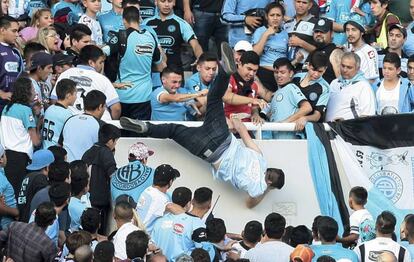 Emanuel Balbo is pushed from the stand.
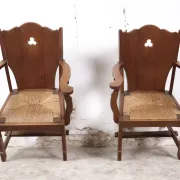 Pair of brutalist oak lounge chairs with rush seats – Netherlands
--------------------------------------------------
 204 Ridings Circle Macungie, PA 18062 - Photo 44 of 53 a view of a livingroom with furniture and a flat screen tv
--------------------------------------------------
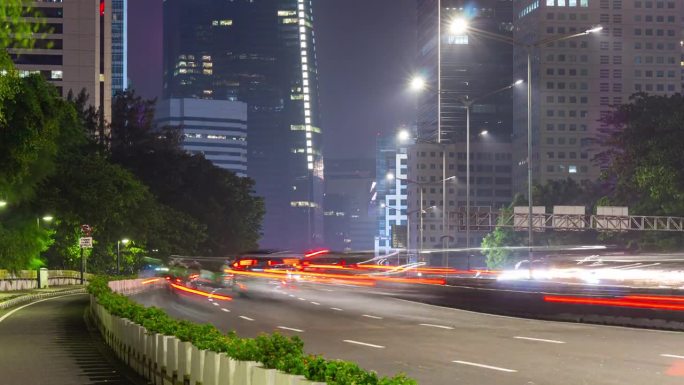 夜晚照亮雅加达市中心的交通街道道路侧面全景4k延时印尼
--------------------------------------------------
# TASK OBJECTIVE:
From the records above, give again only the part that opens with the line containing "Emanuel Balbo is pushed from the stand." and closes with the line containing "Pair of brutalist". Keep both ends but drop the pictures.

# ANSWER TO THE PROBLEM:
 Emanuel Balbo is pushed from the stand.
 Pair of brutalist oak lounge chairs with rush seats – Netherlands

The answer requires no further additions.